ASSIGNMENT:
Beginning with the line that contains "Let's assess what", retype the entries below exactly, ending with the line that contains "We have a Golf". Leave out any pictures.

AVAILABLE DATA:
[Start of section]
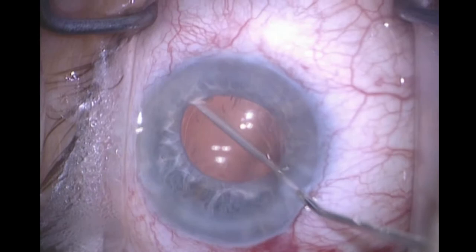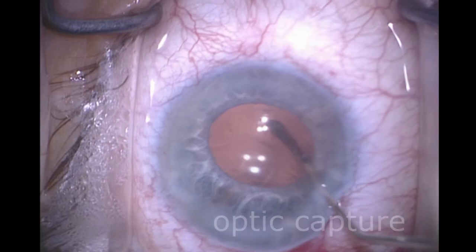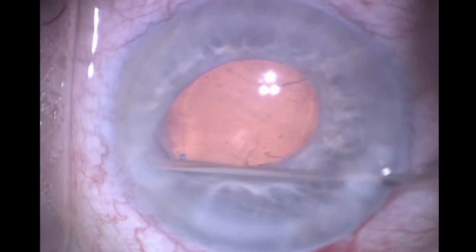That way, when there are lateral saccadic movements, the haptic will bear some of that inertial displacement force. I then capture the optic to prevent the IOL from rotating or decentering, and it also prevents contraction of the CCC. I don't have to adjust the IOL power, and I'm just checking to make sure that the optic is in the bag.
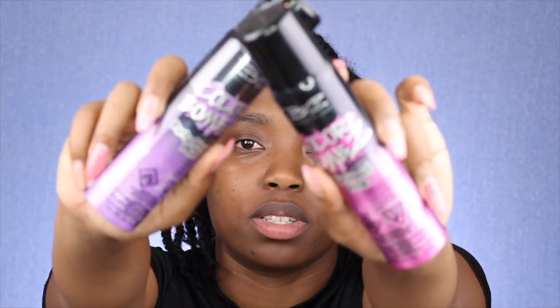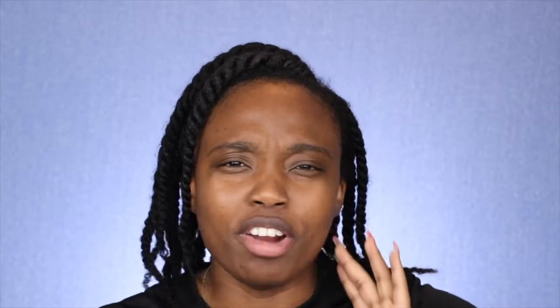Today our featured product will be the BTS Beyond the Zone Color Bombs. I'm trying to remember where I got them because I've had these for such a long time and I've never used them. I think I got them from Amazon — usually I get everything from Amazon. I'll find it somehow and link it down below.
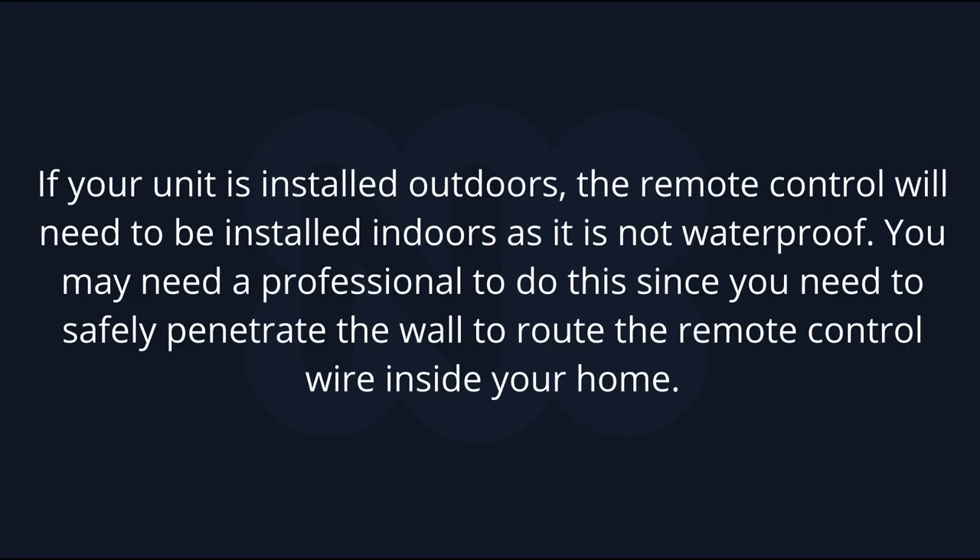If your unit is installed outdoors, the remote control will need to be installed indoors as it is not waterproof. You may need a professional to do this since you need to safely penetrate the wall to route the remote control wire inside.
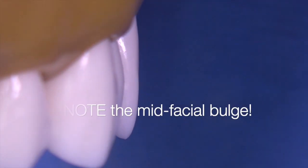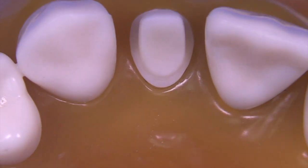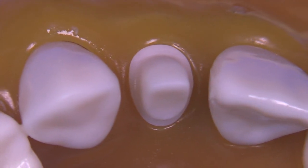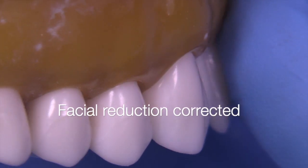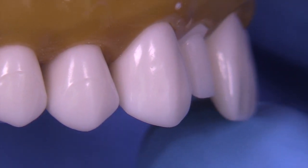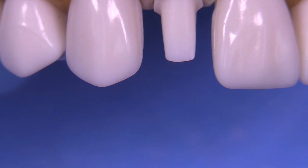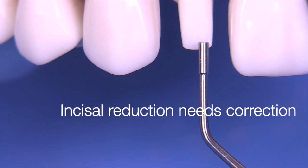Let's assess what we've got. I don't like that — look at that mid-facial bulge, that's got to go. And when I look from the incisal or occlusal view, the draw — the taper between the mesial and distal — is a little too tight, so we need a little bit more. You can see now there's been a definite change: the bulge has been removed and we've corrected the mesial-distal taper issue by allowing the bur to create the taper, or even tipping the bur slightly where something looks too parallel.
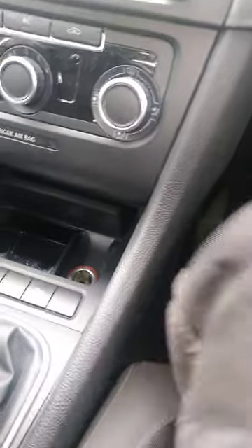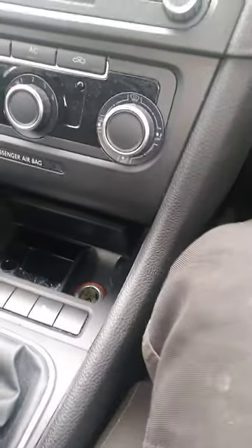We have a Golf here, Mark 6, and the clutch pedal is staying down — it's not coming back up. I've asked the owner in case he has had some work done, for example a clutch, or in case the last people that did it didn't bleed properly, but he said no.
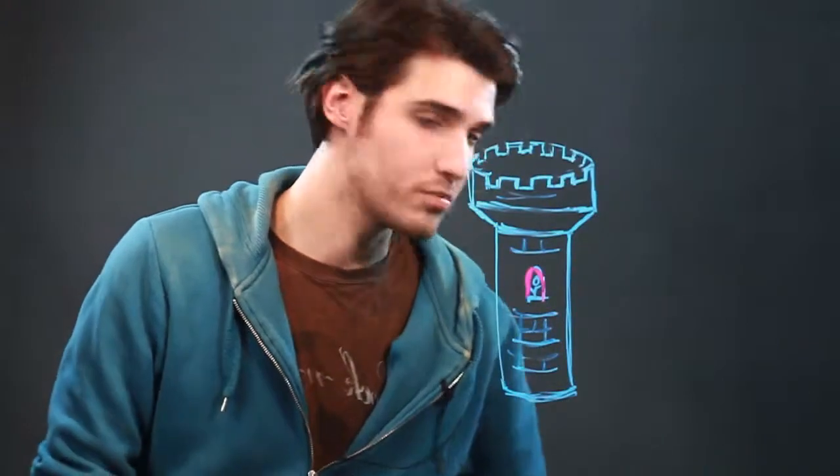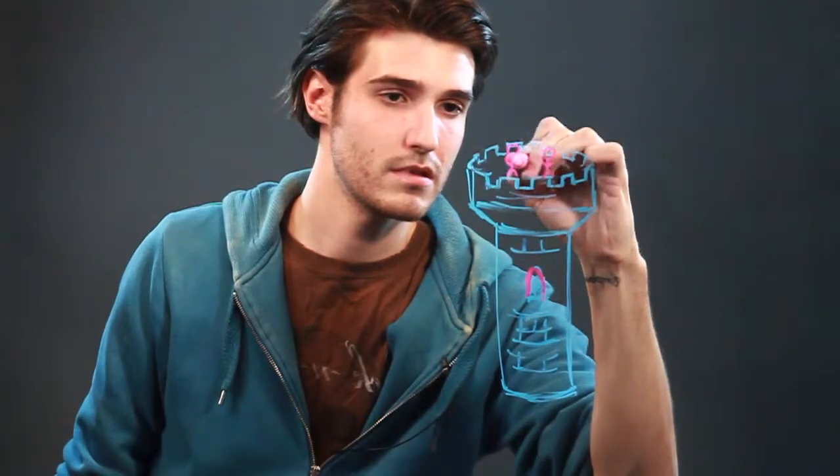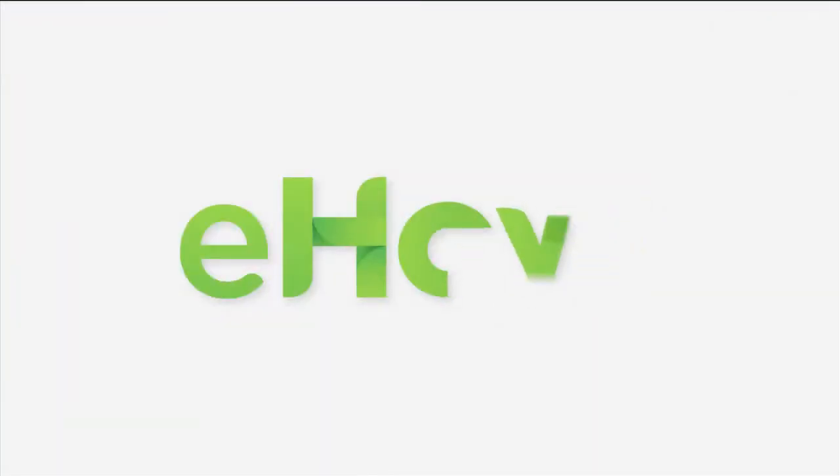And then maybe you've got some people on the top too. Alright guys, that's basically how you make your castle tower.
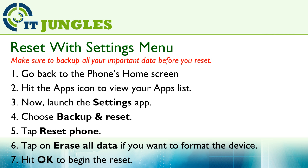And then choose Backup and Reset. Next, tap on Reset Phone. And if you want to format the device and the data, you can choose Erase Old Data. And finally, just hit the OK button to begin the reset.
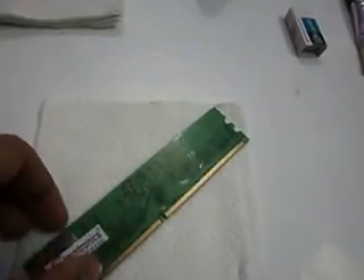Hello guys, there is a video by which you can repair your RAM at home. This is a 2GB DDR2 RAM and I am going to repair this.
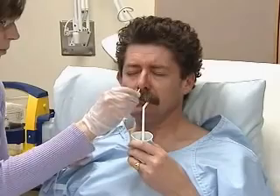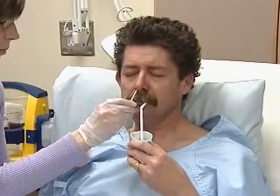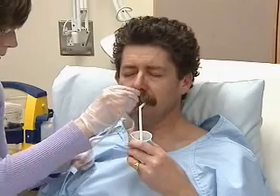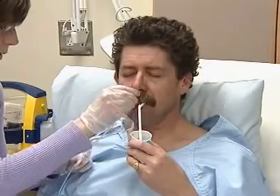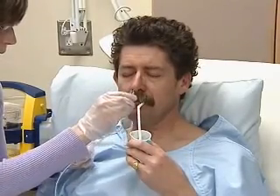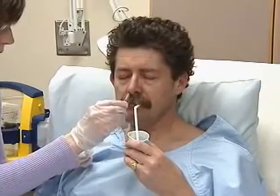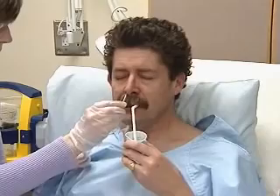You'll advance the tube by an inch or two with each swallow. The patient may cough or gag if the tubing has accidentally entered the larynx. You can pause, withdraw slightly, and ease the patient with a sip of water. Be careful — there is a risk of aspiration.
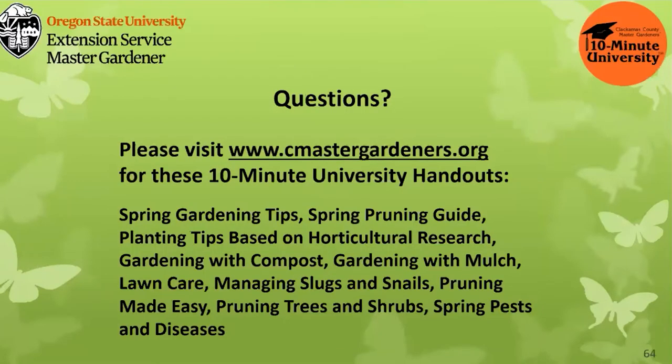Thank you and happy gardening. Please visit www.clackamascountymastergardeners.org for these 10-minute university handouts — these are all the handouts I used in preparing this talk.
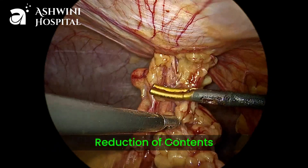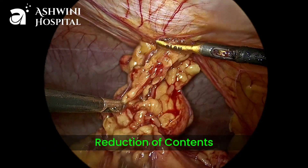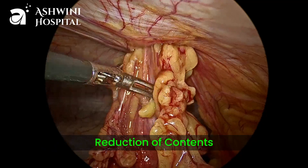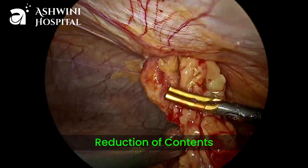We can use energy sources like bipolar, as in this case, or we can use harmonic or LigaSure for releasing the adhesions, or monopolar hook also.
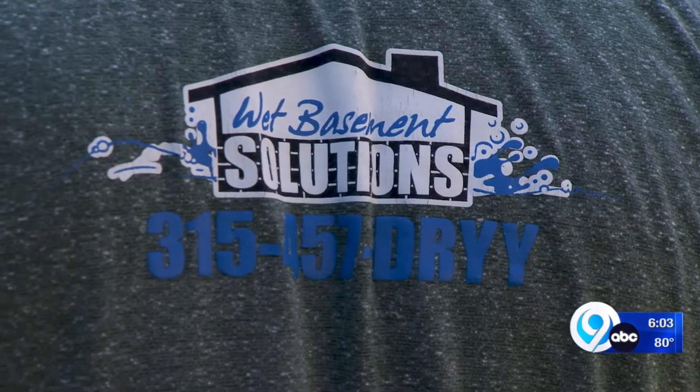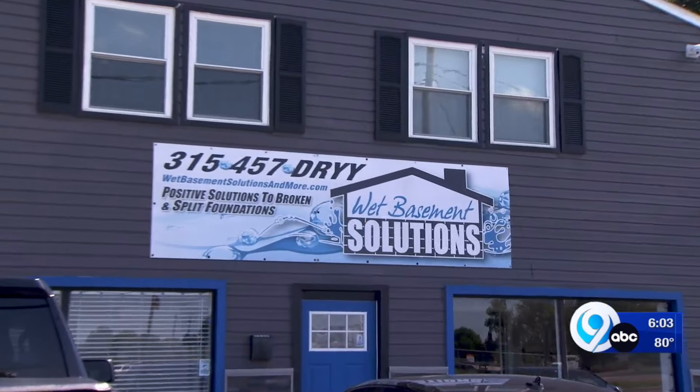We're going to have some office staff come in and try to field some calls. But Wet Beastman Solutions says preparing ahead of time is key, and it all starts with checking your sump pump.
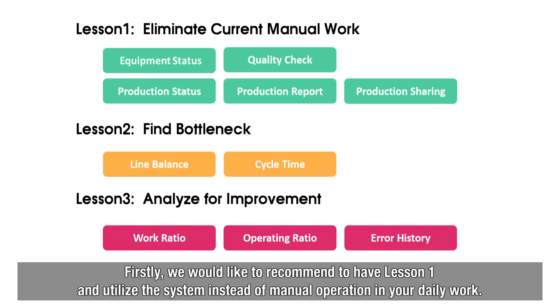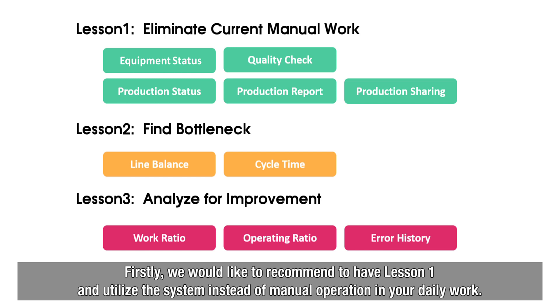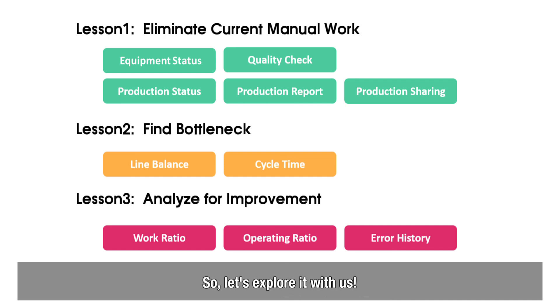Firstly, we would like to recommend to have Lesson 1 and utilize the system instead of manual operation in your daily work. Then, the system can be used to improve production lines while learning Lesson 2 and Lesson 3. So, let's explore it with us.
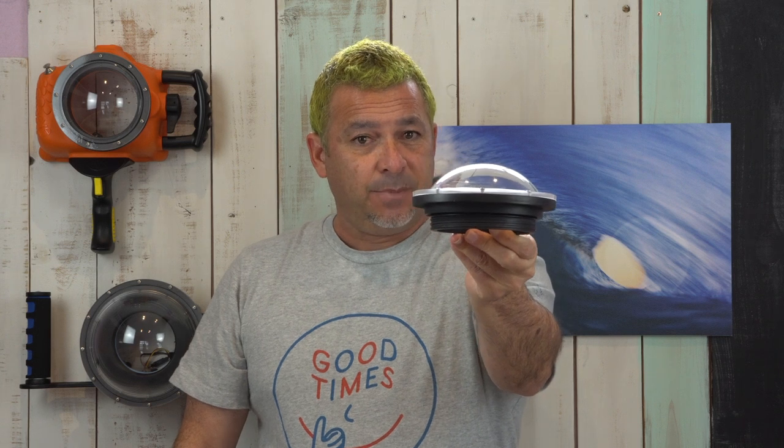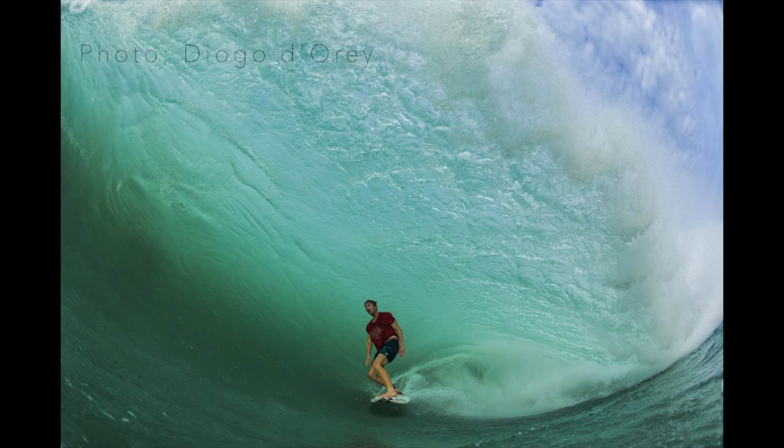The small size dome ports are most versatile. They are the preferred port for large barreling surf because they have less volume and cut through water easier. You can use them in any ocean condition from calm to rough seas.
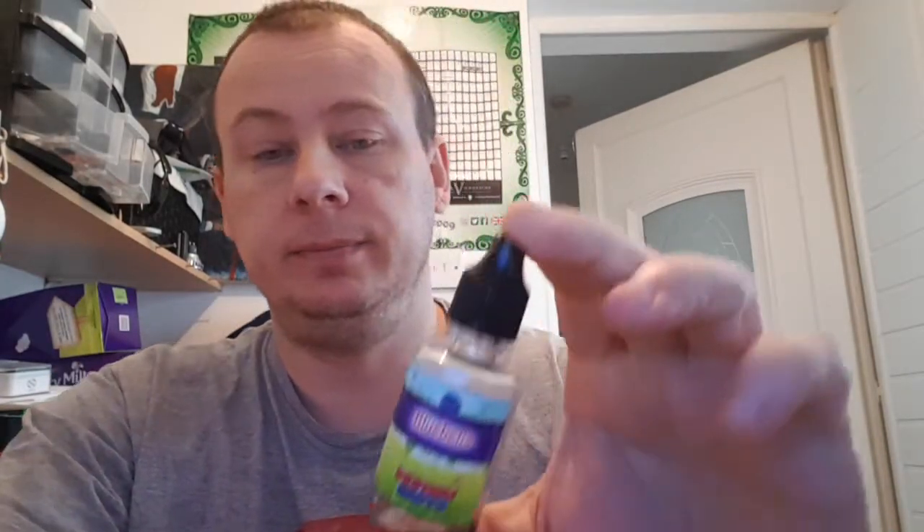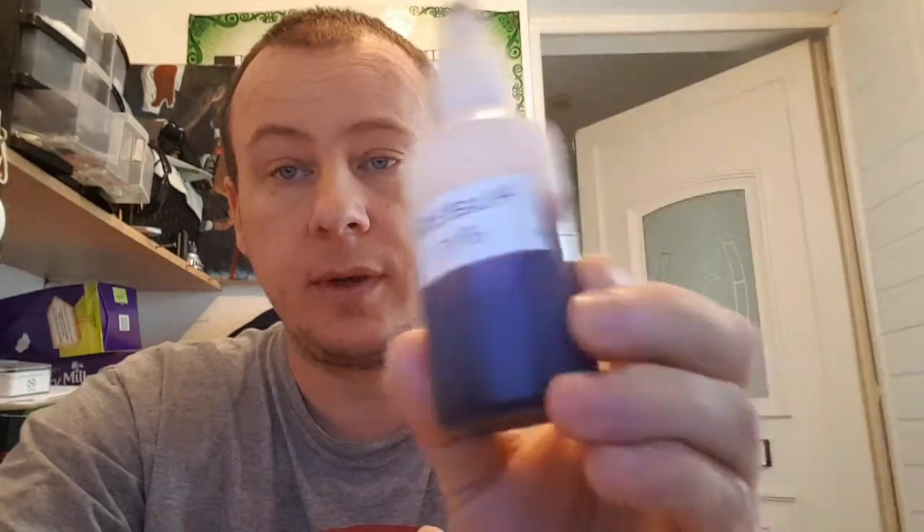Hello again YouTube. Today I'm gonna be reviewing another concentrate. This one you can find on monsterflavours.com — I'll put the link in the description below. This one is from the Kurnow Flavors range and it's called Blue Beaner. As you can see, it's a 30ml bottle of concentrate. On their website they describe it as a combination of blackcurrant, blueberry, and grape, reminiscent of the popular childhood drink.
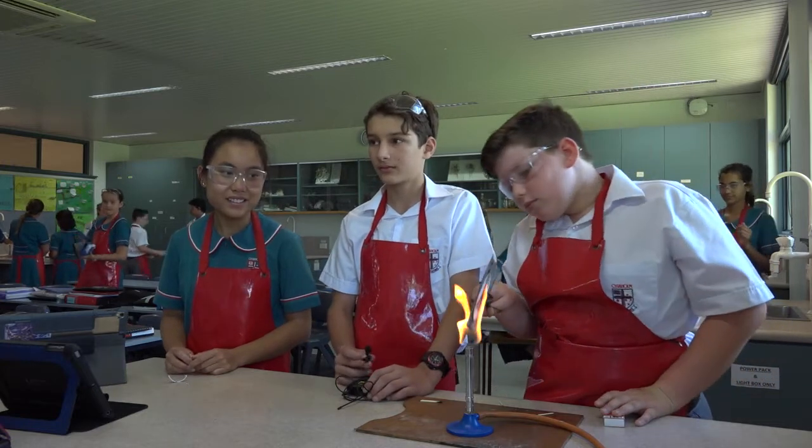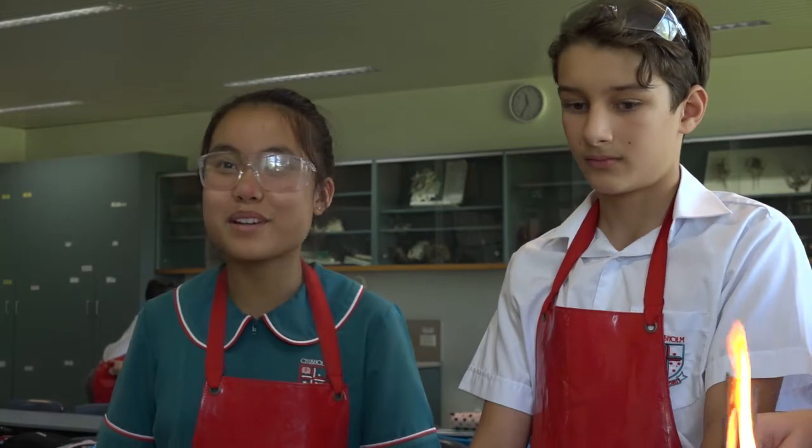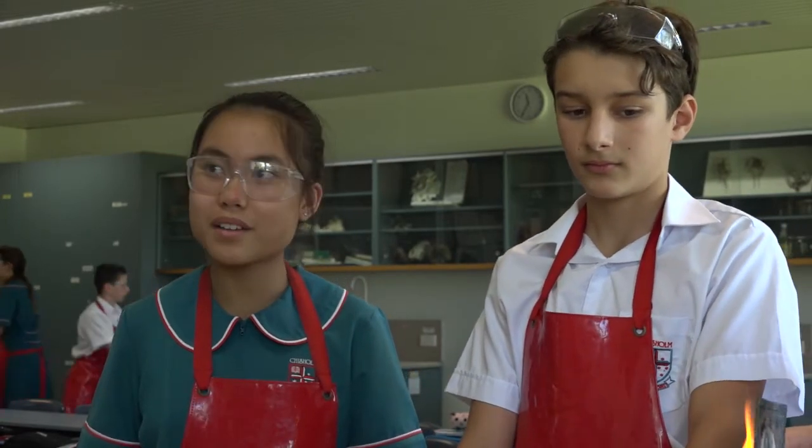So, Mary, can you tell me what you are doing at the moment in science? Today, we are learning how to use a Bunsen burner and learn about the different parts of it. Fantastic. And, Jack, what experiment are you doing? Right now, we're testing the hot and cold air using a gauze mat.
[End of section]
COMPLETED EXERCISE:
Let's assess what we've got. I don't like that — look at that mid-facial bulge, that's got to go. And when I look from the incisal or occlusal view, the draw — the taper between the mesial and distal — is a little too tight, so we need a little bit more. You can see now there's been a definite change: the bulge has been removed and we've corrected the mesial-distal taper issue by allowing the bur to create the taper, or even tipping the bur slightly where something looks too parallel.
We have a Golf here, Mark 6, and the clutch pedal is staying down — it's not coming back up. I've asked the owner in case he has had some work done, for example a clutch, or in case the last people that did it didn't bleed properly, but he said no.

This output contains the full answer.